Dataset items ::
#####
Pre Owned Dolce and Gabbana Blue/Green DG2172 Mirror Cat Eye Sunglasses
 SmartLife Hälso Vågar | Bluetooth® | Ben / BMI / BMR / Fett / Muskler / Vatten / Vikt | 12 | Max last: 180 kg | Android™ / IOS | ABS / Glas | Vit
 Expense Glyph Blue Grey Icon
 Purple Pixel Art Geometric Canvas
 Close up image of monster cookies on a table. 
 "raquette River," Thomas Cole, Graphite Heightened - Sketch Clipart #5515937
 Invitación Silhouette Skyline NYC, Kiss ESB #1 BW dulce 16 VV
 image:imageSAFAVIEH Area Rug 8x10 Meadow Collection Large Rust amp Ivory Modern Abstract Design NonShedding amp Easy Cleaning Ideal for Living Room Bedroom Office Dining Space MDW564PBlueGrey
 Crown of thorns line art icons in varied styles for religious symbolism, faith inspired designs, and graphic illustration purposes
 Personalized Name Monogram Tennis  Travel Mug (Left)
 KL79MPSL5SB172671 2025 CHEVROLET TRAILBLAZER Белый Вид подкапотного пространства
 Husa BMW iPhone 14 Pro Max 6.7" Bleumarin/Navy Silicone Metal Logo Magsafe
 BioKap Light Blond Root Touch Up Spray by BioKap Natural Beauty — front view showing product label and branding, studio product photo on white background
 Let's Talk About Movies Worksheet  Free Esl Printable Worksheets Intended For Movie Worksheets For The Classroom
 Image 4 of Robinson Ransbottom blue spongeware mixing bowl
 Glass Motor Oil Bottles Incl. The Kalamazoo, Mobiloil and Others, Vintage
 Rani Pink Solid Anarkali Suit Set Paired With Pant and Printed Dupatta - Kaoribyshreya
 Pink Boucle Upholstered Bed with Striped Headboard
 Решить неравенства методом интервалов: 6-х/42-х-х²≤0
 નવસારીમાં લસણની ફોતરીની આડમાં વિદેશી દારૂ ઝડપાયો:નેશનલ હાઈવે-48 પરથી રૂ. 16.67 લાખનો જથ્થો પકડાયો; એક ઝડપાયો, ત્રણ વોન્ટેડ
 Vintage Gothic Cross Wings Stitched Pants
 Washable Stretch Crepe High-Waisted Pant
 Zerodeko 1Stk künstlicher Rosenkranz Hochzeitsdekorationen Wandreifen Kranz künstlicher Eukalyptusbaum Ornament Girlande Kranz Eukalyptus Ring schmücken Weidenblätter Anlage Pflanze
#####
Work through the entries above line by line, counting each one that includes the word "Pink", and give the final number only.

2